Sunday, September 30, 2012
Eliminating comment spam on Blogger blogs
by Larry Geller
Over the past several months the number of spam comments generated by spambots or by human comment factories has increased drastically. While Blogger has some kind of comment spam filter, it seems to miss all of these. Each day I seem to be getting more of them.
To eliminate useless, malicious and spam comments, I moderate comments submitted to Disappeared News. So none of these comment factory spams get through, but it is very annoying.
Here’s an example of one of these that came in today:
They’re pretty dumb, but more important: it would be a disservice to readers to let them through. The link could lead to an innocent ad page, or it could download malware into a reader’s computer. The link could be a porn site or some form of fraud. It could change a browser’s home page. You get the point.

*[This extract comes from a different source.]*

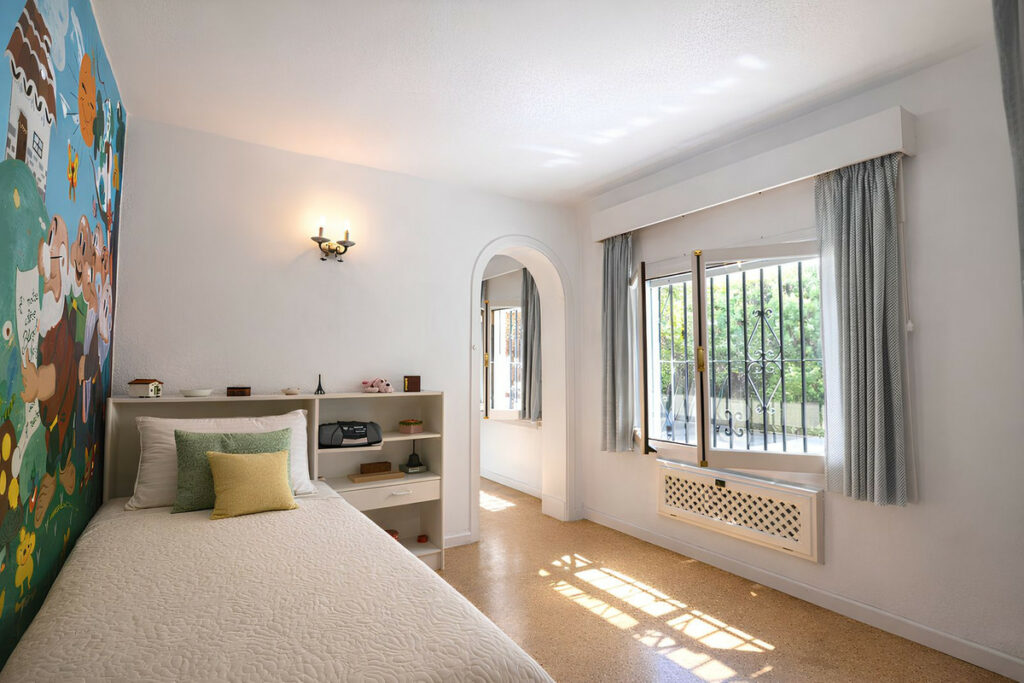 Property in Fuengirola — photo 16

I’ve found an easy way to stop them though. So far it works very well.
My regular email is filtered through a program called Popfile which I have used for umpteen years. Blogger sends comments to be moderated via email. So I thought I would see if Popfile could recognize these spam factory comments. It can. Piece of cake. After a very short training (fewer than a dozen messages) it has figured it out.
The classification is done using a naïve Bayes algorithm. In other words, POPFile uses statistics to track which words are likely to appear in which messages. This means that POPFile will adapt to the kind of mail you receive and needs to be trained. Out of the box, it doesn't know anything about spam or how messages from your mother differ from those your friends send you. However, if you train it, it will soon learn how to tell these different kinds of messages apart.

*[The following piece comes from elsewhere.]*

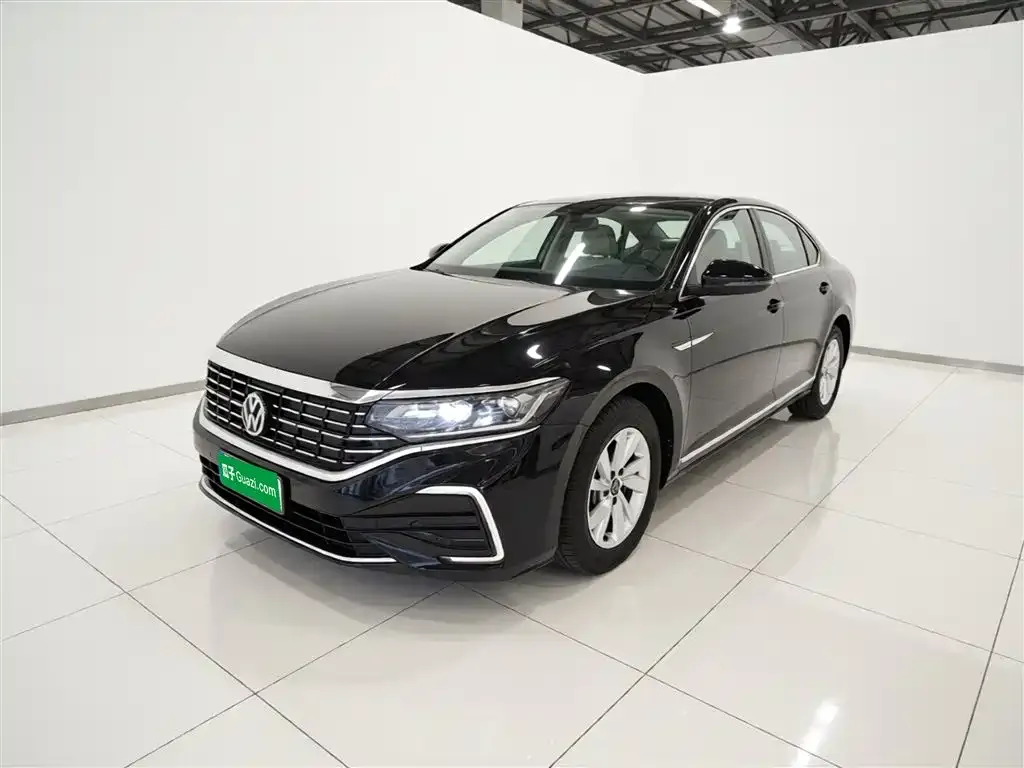 Volkswagen Passat New Energy — фото 3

Most of the messages contain flattery or effusive praise, so any spam filter that employs Bayesian filtering should work as well. Popfile is only one example of these programs.
So now I have my spam comments neatly stored in a Spam Comment folder in my email program, and legitimate comments remain untouched.
For me, moderation of comments is essential. I don’t think the crap that is often attached to unmoderated or poorly moderated sites such as many newspaper websites contributes to understanding. Hey—it’s my blog. You’d be surprised that the vitriolic crap that sometimes comes in. And then the author pounds me for being against the First Amendment or insults my mother or something like that.
So if you are a blogger moderating comments via email, see if the spam filter you may already be using can be trained to recognize blog spam. Or try Popfile or one of the other popular filters based on the Bayes algorithm.
Maybe my spammers will see this and go away.
You know, if you were to preview those porn sites you refer to you, and maybe just let through the top 10 links, well, I'm just saying that would be helpful to busy readers.....I mean, as a service.....just saying...